L’absence de déformation n’exclut pas une lésion ligamentaire, une atteinte du cartilage ou une luxation qui s’est réduite spontanément. Un gonflement associé à un blocage peut aussi évoquer une lésion méniscale, dont les symptômes sont décrits par l’Assurance Maladie dans son guide sur le ménisque. Après un choc au basket, arrêtez l’activité et ne reprenez pas tant que la cause de la douleur ou de l’instabilité n’est pas clairement identifiée.
Conclusion
La cause de luxation du genou chez les basketteurs est souvent liée à un mouvement rapide et mal contrôlé : réception sur une jambe, pivot avec le pied bloqué, changement de direction, arrêt brutal, hyperextension ou choc entre joueurs. Ces situations peuvent déplacer la rotule, surtout lorsque le genou présente déjà une instabilité, une hyperlaxité ou certaines particularités anatomiques. La fatigue, un manque de force et une reprise trop rapide peuvent aussi réduire le contrôle des appuis.
Il faut surtout distinguer la luxation de rotule de la luxation tibio-fémorale. La première est la plus fréquente au basket et peut récidiver si la stabilité n’est pas restaurée. La seconde est beaucoup plus rare, mais elle constitue une urgence en raison du risque de lésion de l’artère poplitée ou des nerfs. Un pied froid, pâle ou bleuté, des fourmillements, un engourdissement, une perte de force, une déformation persistante ou l’impossibilité de prendre appui nécessitent une prise en charge médicale immédiate. Ne tentez jamais de remettre le genou en place vous-même.

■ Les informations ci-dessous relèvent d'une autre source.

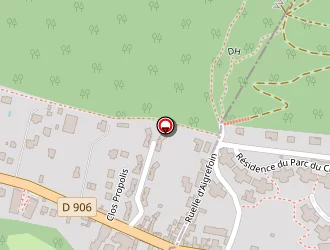 Carte de Scheherazade à Gif-sur-yvette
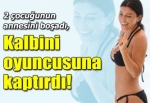 Kalbini oyuncusuna kaptırdı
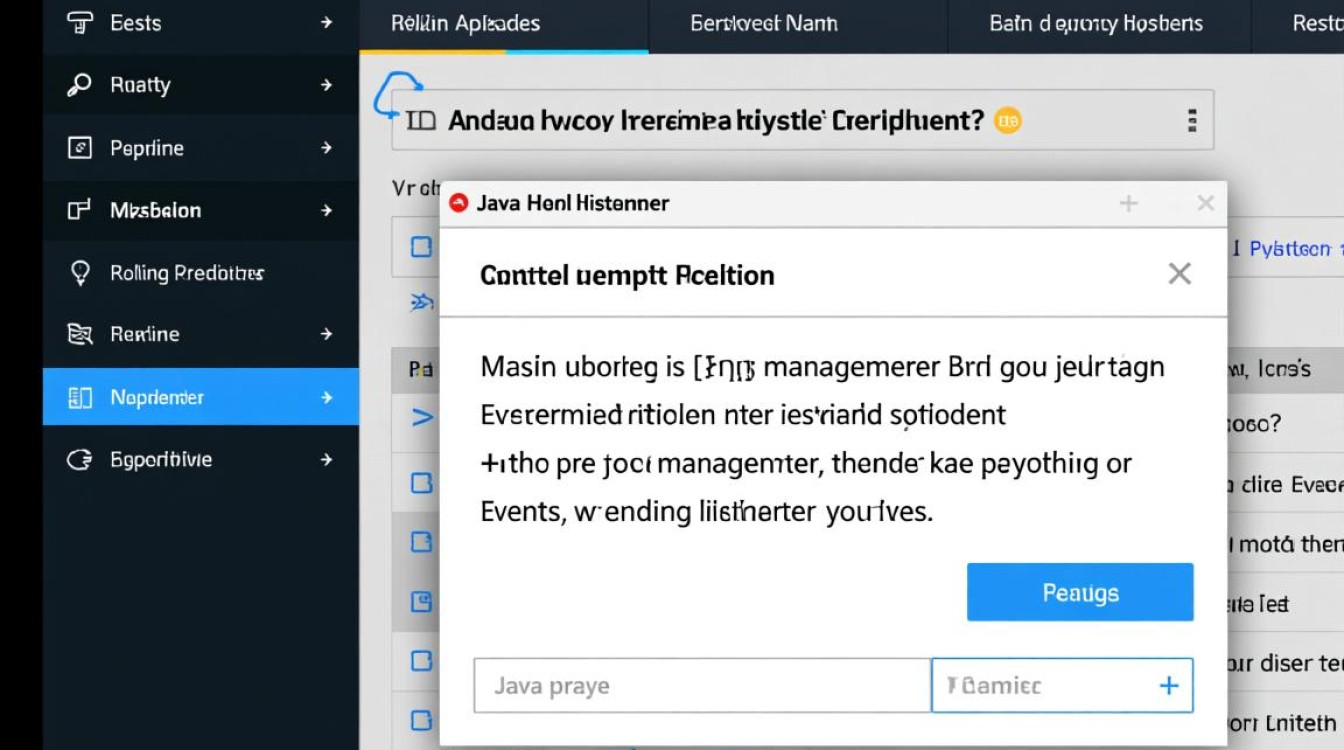 Java中实现自定义提示位置的方法有哪些? Java中实现自定义提示位置的方法有哪些?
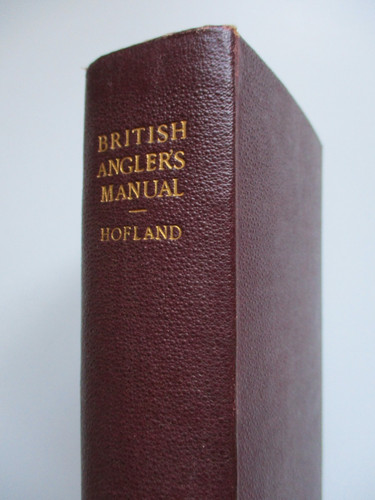1848 british angler - british, manual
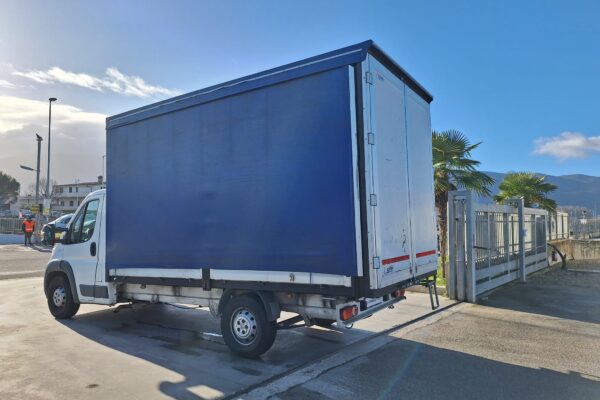 Citroen Jumper Cassone Centinato - immagine 7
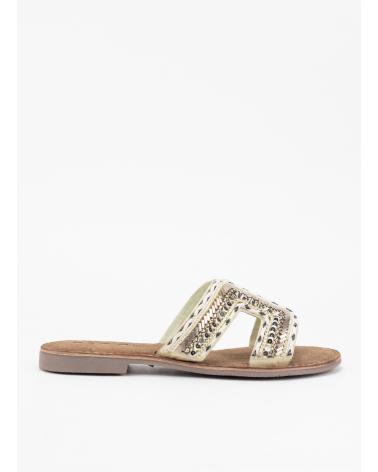 Sandali per Donna KESLEM SANDALIA IF6271 BLANCO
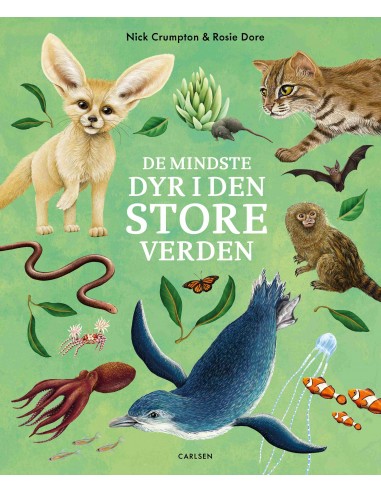 De mindste dyr i den store verden De mindste dyr i den store verden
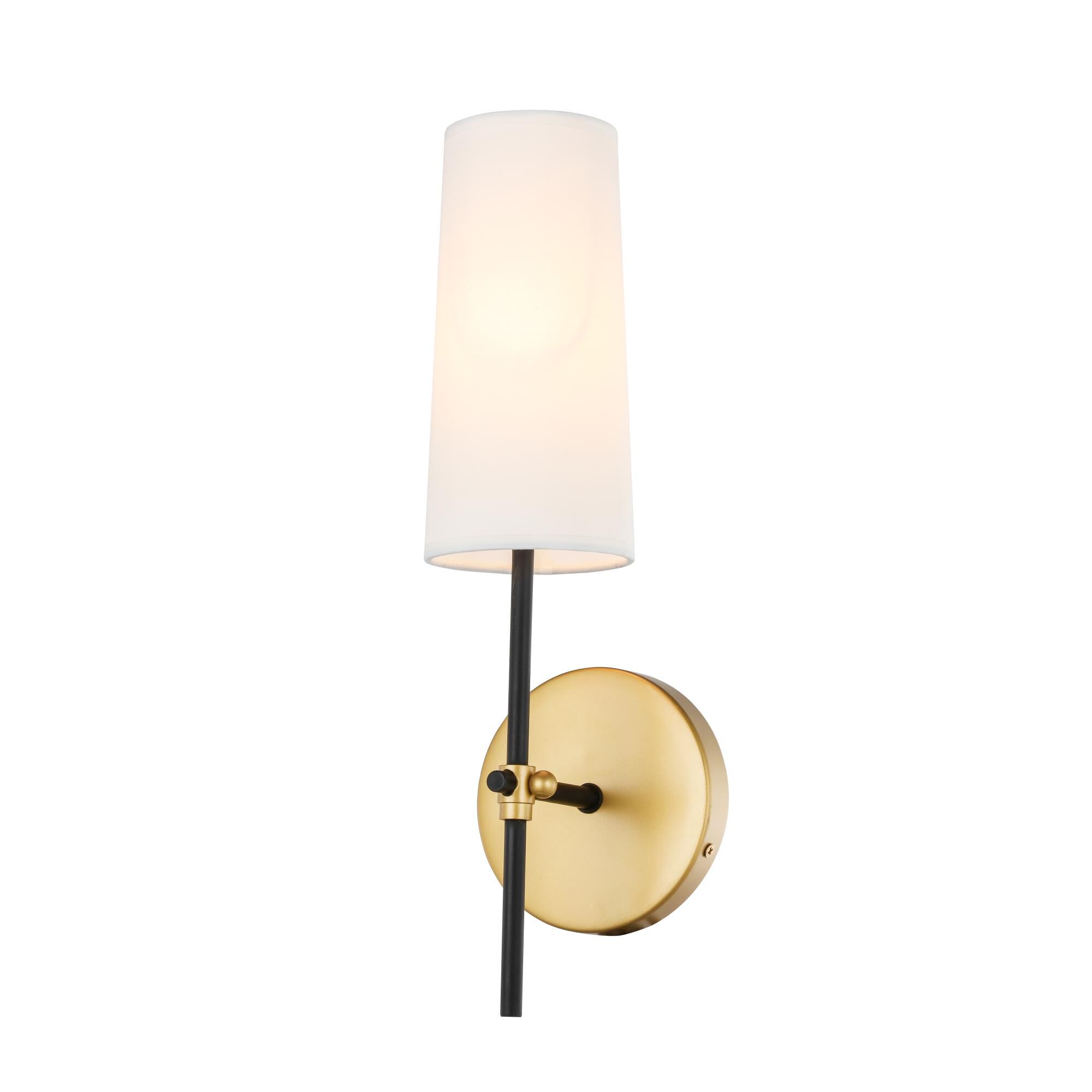 Mel 5 Inch Wall Sconce by Elegant Lighting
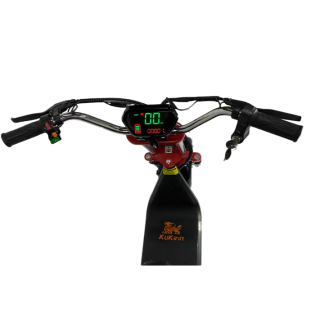 Электроскутер KUGOO KIRIN C3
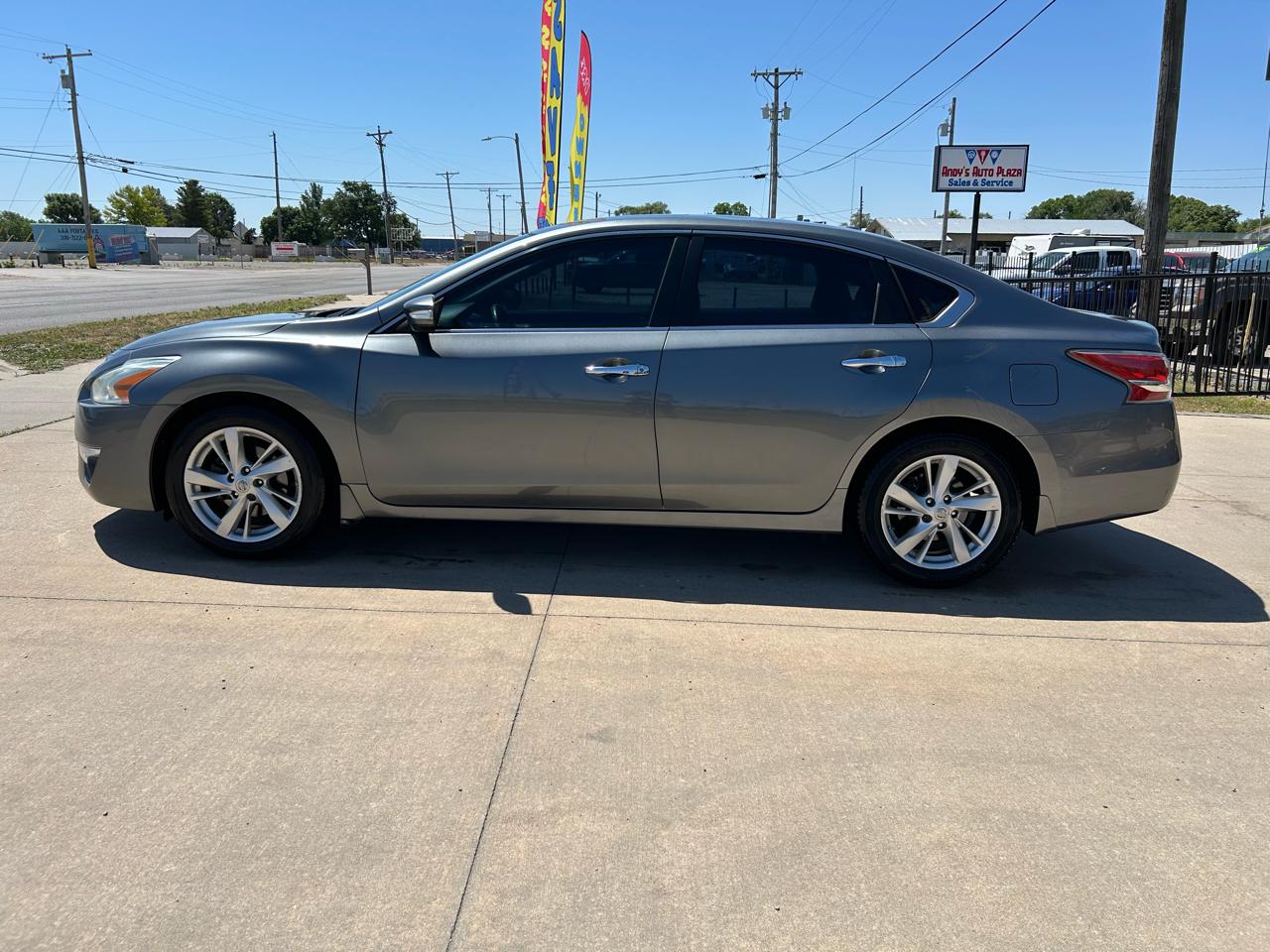 Nissan Altima 2.5 SV 2015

La prévention repose sur des réceptions mieux contrôlées, un travail du renforcement musculaire, la proprioception, une charge d’entraînement adaptée et des temps de récupération suffisants. La reprise des sauts, des pivots et des contacts doit rester progressive et encadrée, avec l’accord d’un médecin ou d’un kinésithérapeute. En cas de douleur importante, de récidive, de gonflement ou de doute après un traumatisme, un avis professionnel permet de protéger durablement le genou et de retrouver le basket dans de bonnes conditions.